- Born: 23 July 1808 Sarsuna, 24 Parganas, Bengal Presidency, Company Raj
- Died: 3 December 1868 (aged 60) Calcutta, Bengal Presidency, British India
- Occupation: Judge

= Hara Chandra Ghosh =

Indian social reformer (1808–1868)

Rai Bahadur Hara Chandra Ghosh (archaic Hurro Chunder Ghose) was one of the prominent leaders of the Young Bengal group (a group of radical Bengali free thinkers emerging from Hindu College, Calcutta of British India in the early 19th century). He was the first Bengali to be a judge of the Calcutta Small Causes Court from 1854 to 1868. H.E.A. Cotton says, "In his youth, he was a favourite pupil, as the Rev. K.M.Banerjee had been of David Hare and Derozio: but unlike others he maintained his Hinduism." He earned fame as a judge and was not involved in religion and social reform.

==Formative years==
The family of Hara Chandra Ghosh hailed from Sarsuna in South 24 Parganas. His father was Abhay Charan Ghosh. His grandfather Sitanath Ghosh was a close friend of Babu Pran Krishna Singha, a famous zamindar of Calcutta and granduncle of Kaliprasanna Singha. In those days, it was a custom to learn Persian, but Ghosh was not satisfied with learning Persian only. He was keen to learn English also. As a result of his own efforts, he joined the newly founded Hindu College and later became a favourite student of Derozio. He was one of the students actively involved in the Academic Association, where he used to deliver speeches.

==Career==
As a youngster, he attracted attention of Lord William Bentinck, who wanted to appoint him on his personal staff and take Ghosh with him but the latter could not accept the offer because of opposition from his mother. However, in 1832, when the position of munsif was created for the Indians, Bentinck appointed him munsif of Bankura. Within a few days of his arrival in Bankura the situation started changing. The court started working from ten to five. When there was shortage of staff, Ghosh himself took down notes and wrote out judgments. His honesty and devotion enhanced the respect for the judiciary in the eyes of the public.

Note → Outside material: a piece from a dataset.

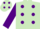 Light Green, Purple spots, sleeves and spots on cap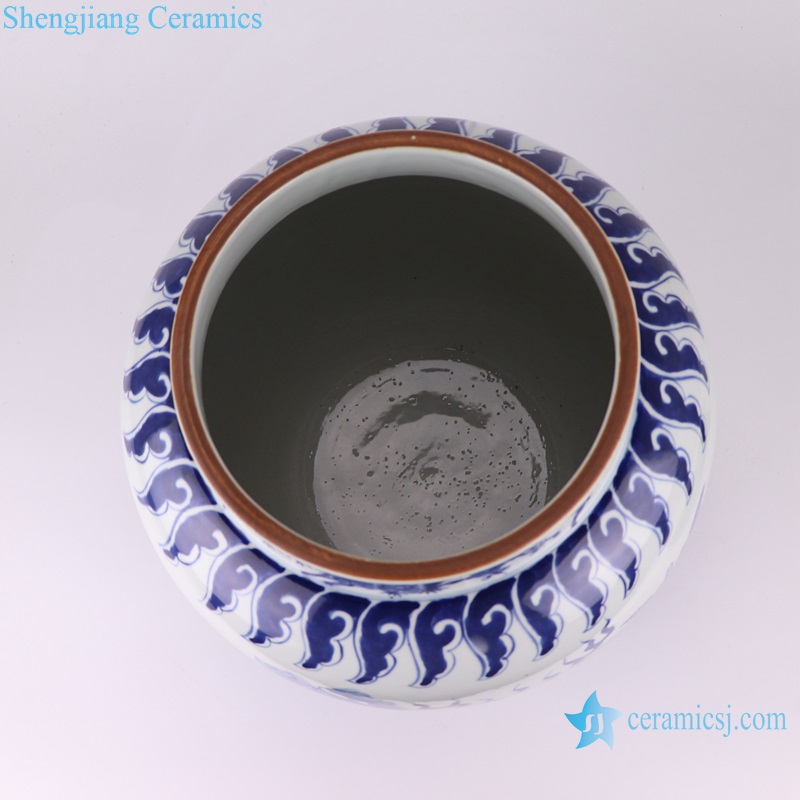 RZUL04 Blue and white Porcelain Unicorn pattern Ceramic Pot Storage Jars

After successfully working in Bankura for six years, he was transferred to Hooghly in 1838, and in 1844, he became principal sadar amin of 24 Parganas. After serving for twenty years as a member of the subordinate Civil Judiciary in Bengal, he was gazetted as junior police magistrate of Kolkata (then known as Calcutta) in 1852, on the unanimous recommendation of the judges of the Sadar Diwani Adalat. In 1854, he was transferred to the Small Causes Court, where he remained till his death.

He was associated with John Elliot Drinkwater Bethune in the formation of the Bethune School and was a member of the school committee. He joined the other Derozians for the construction of a memorial statue for David Hare.

He became the legal guardian of Kaliprasanna Singha, the son of his neighbour Nandalal Singha of Jorasanko after the later's untimely death. He stood with the family through thick and thin, and assisted Kaliprasanna's mother in legal cases against relatives. He was also a trusted advisor of the Kaliprasanna.

==Honours==
He enjoyed the confidence of Lord William Bentinck, Lord Auckland and Lord Dalhousie. He was made a Rai Bahadur (a title of honor issued in British India to individuals who have performed a deed of great service to the nation).

A memorial meeting was held in the Town Hall, on 4 January 1869, where Chief Justice Norman, mentioned Ghosh as 'the very model of what a native gentleman should be.' A marble bust of Hara Chandra Ghosh was unveiled in the main entrance to the Small Causes Court by Sir Arthur Macpherson, then a judge of Calcutta High Court on 8 March 1876.